** WORK REQUEST **
Would you output the lines from the one containing "ORB Freestanding Bathtub" through the final line of the entries, exactly and with pictures omitted?

** Caption-style text data **
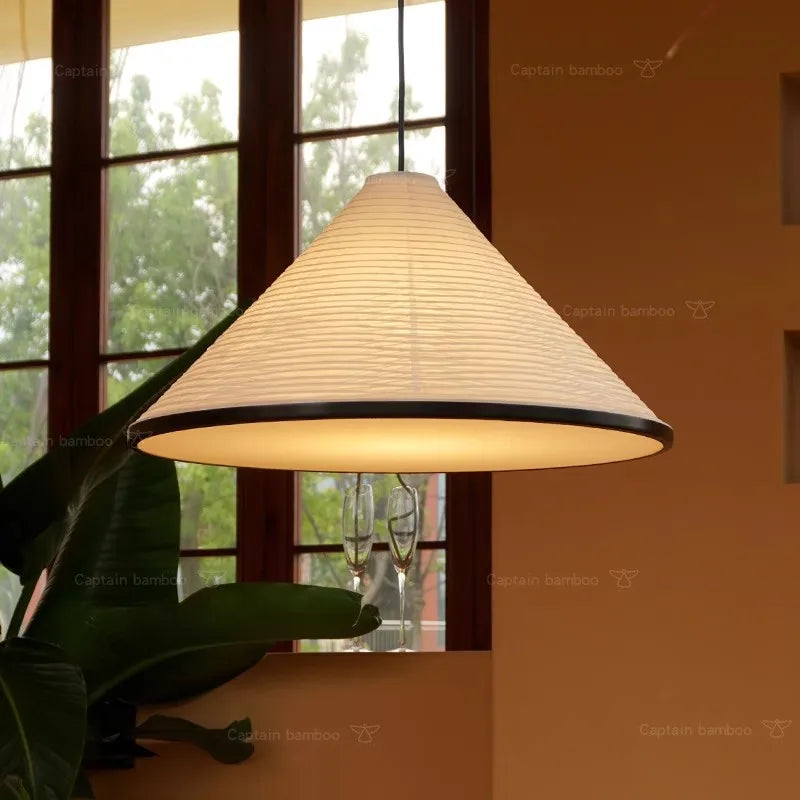 lustre japonais wabi sabi en papier de riz led - vue 4 sur 8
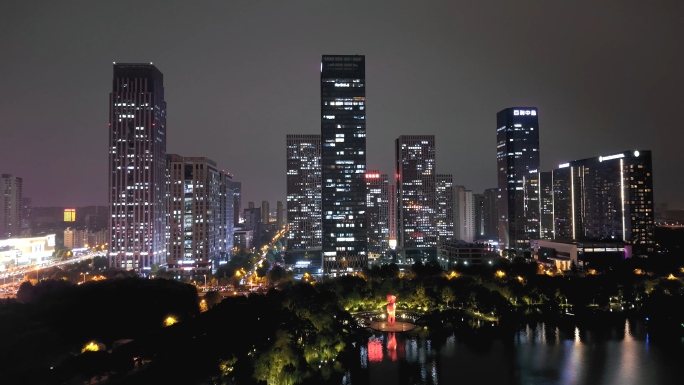 合肥政务区天鹅湖夜景写字楼加班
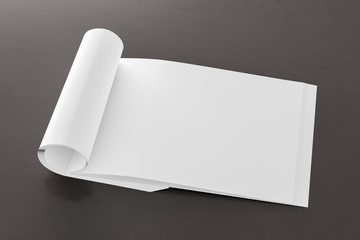 Blank horizontal right magazine page. Workspace with folded magazine mock up on black desk. Side view. 3d illustration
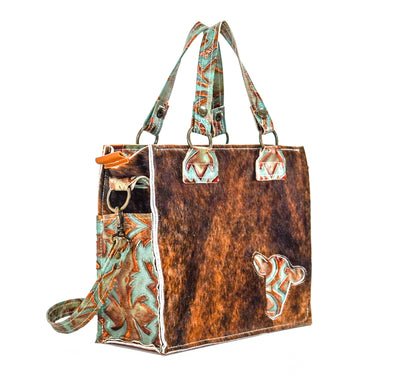 Minnie Pearl - Dark Brindle w/ Patriot Laredo-Minnie Pearl-Western-Cowhide-Bags-Handmade-Products-Gifts-Dancing Cactus Designs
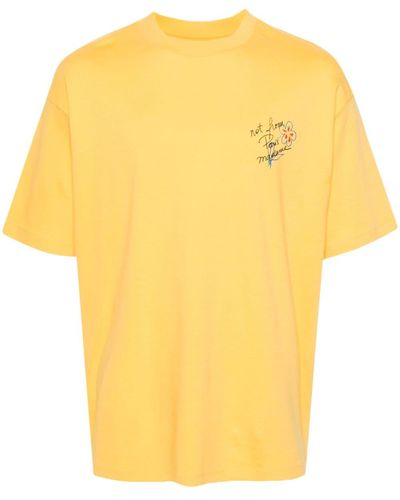 Drole de Monsieur T-Shirt mit Slogan-Print - Gelb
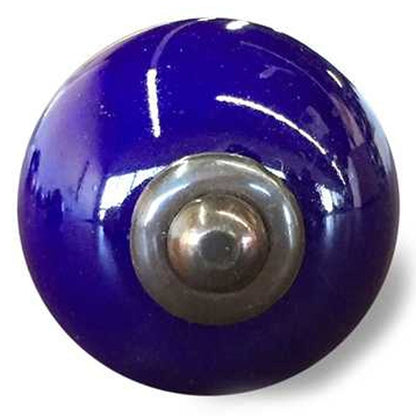Set of Twelve Navy Blue Ceramic Drawer Pull Knobs
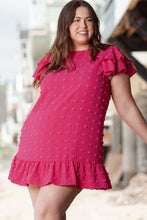 Load image into Gallery viewer, Strawberry Pink Plus Size Jacquard Short Ruffle Sleeve Mini Dress
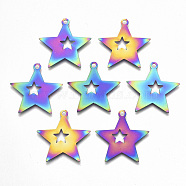 Ion Plating(IP) 201 Stainless Steel Pendants, Etched Metal Embellishments, Star, Rainbow Color, 26x26x0.3mm, Hole: 1.8mm(X-STAS-R114-023)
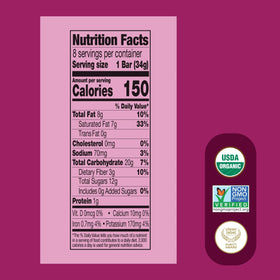 Once Upon a Farm real fruit and veg ingredients highlight wholesome flavor.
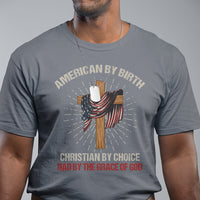 American Dad T Shirt American By Birth Christian By Choice Dad By The Grace Of God Vintage Fathers Day Tee - Wonder Print Shop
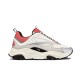 Dior B22 White Grey Red Mesh Leather Chunky Trainers side profile view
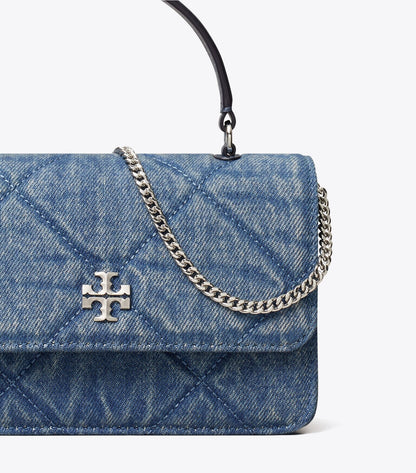 Mini Kira Diamond Quilt Denim Top-Handle Crossbody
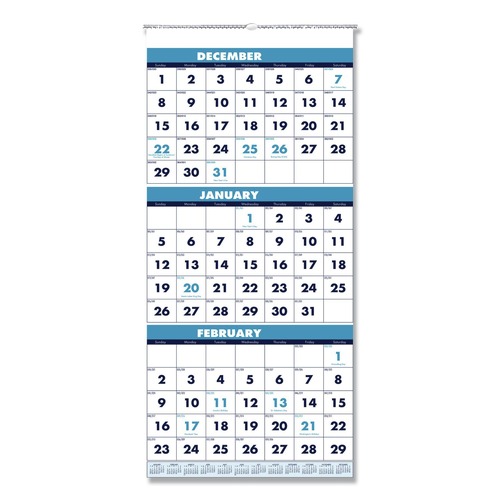 Back to School Sale | House of Doolittle 3640 14-Month: Dec 2025 to Jan 2027 12.25 in. x 26 in. Vertical Orientation Recycled Three-Month Format Wall Calendar - White Sheets image number 0
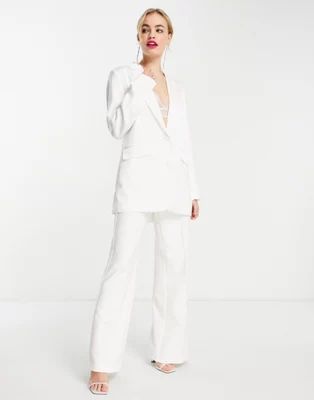 Y.A.S Bridal satin blazer co-ord in white | ASOS (Global)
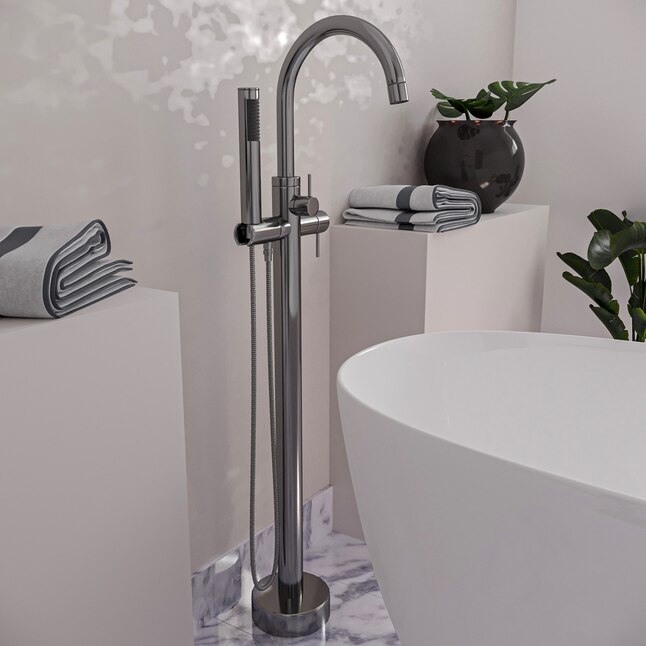 ORB Freestanding Bathtub Faucets Floor Mounted  Tub Filler with Handheld Shower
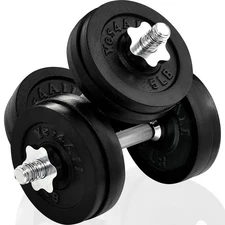 Yes4All Adjustable Dumbbell Set with Weight Plates/Connector - Exercise & Wor...
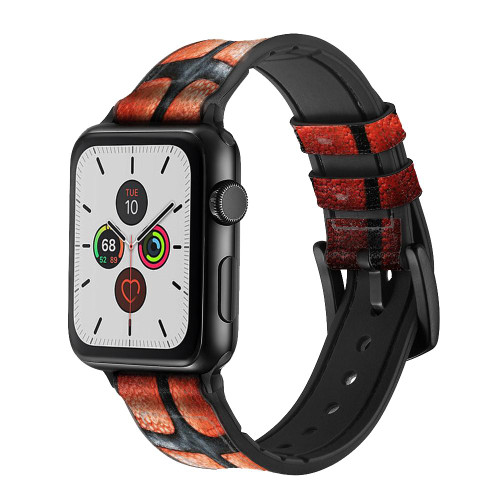 CA0366 Basketball Leather & Silicone Smart Watch Band Strap For Apple Watch iWatch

** RESPONSE BOX **
 ORB Freestanding Bathtub Faucets Floor Mounted  Tub Filler with Handheld Shower
 Yes4All Adjustable Dumbbell Set with Weight Plates/Connector - Exercise & Wor...
 CA0366 Basketball Leather & Silicone Smart Watch Band Strap For Apple Watch iWatch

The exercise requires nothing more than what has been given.